# WHAT YOU WILL DO
Among the entries below, which lines run from the line with "LC Waikiki Lcw" through the line with "Crystal Wedding Headband"? Retype those, both ends included, exactly and without pictures.

# SOURCE DATA

========

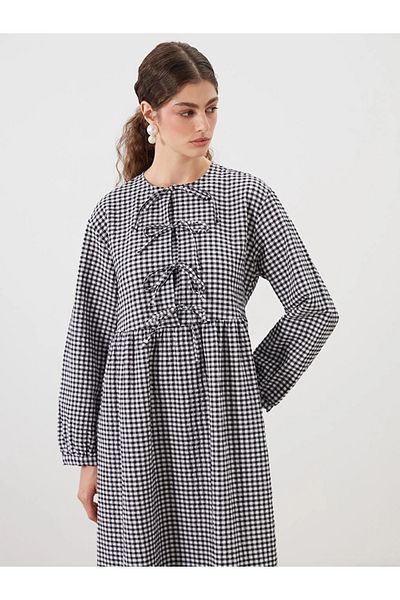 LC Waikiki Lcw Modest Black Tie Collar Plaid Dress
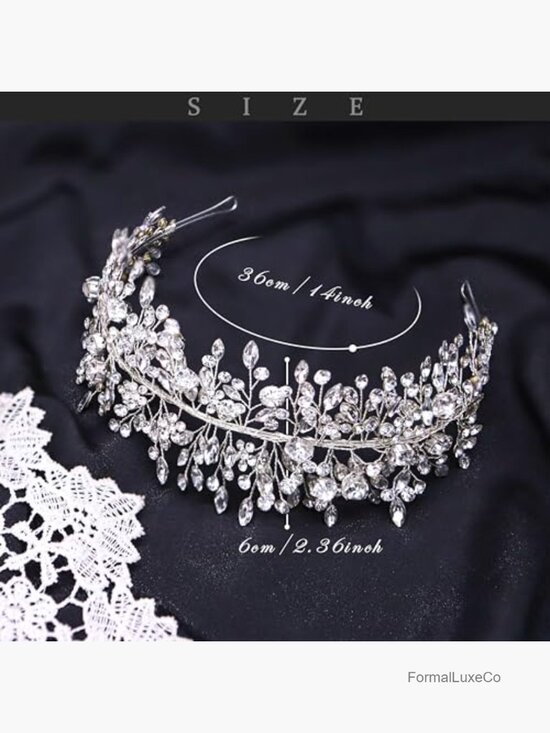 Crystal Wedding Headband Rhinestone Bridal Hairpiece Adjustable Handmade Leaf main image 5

========

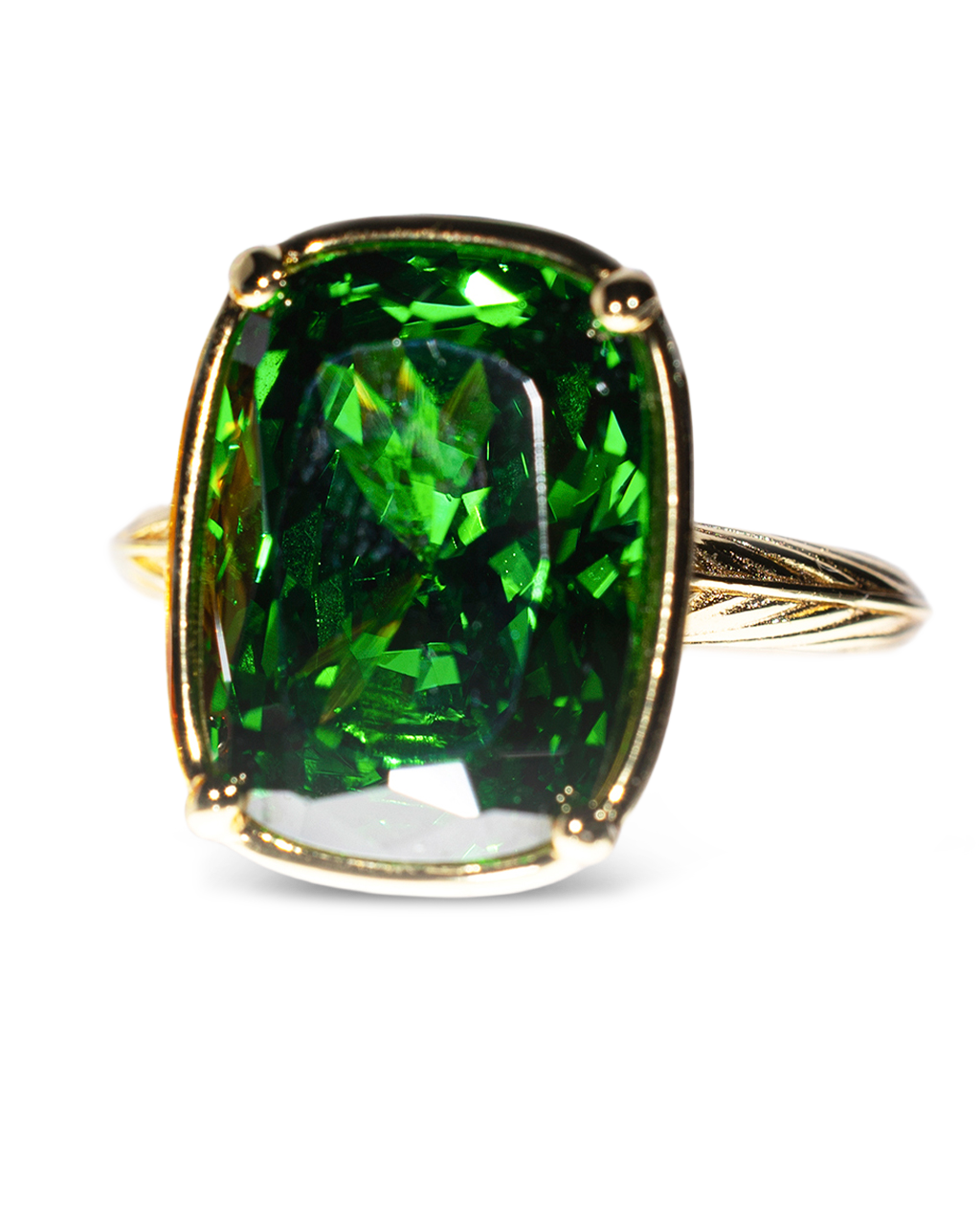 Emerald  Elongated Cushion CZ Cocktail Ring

========

# WRITTEN ANSWER
 LC Waikiki Lcw Modest Black Tie Collar Plaid Dress
 Crystal Wedding Headband Rhinestone Bridal Hairpiece Adjustable Handmade Leaf main image 5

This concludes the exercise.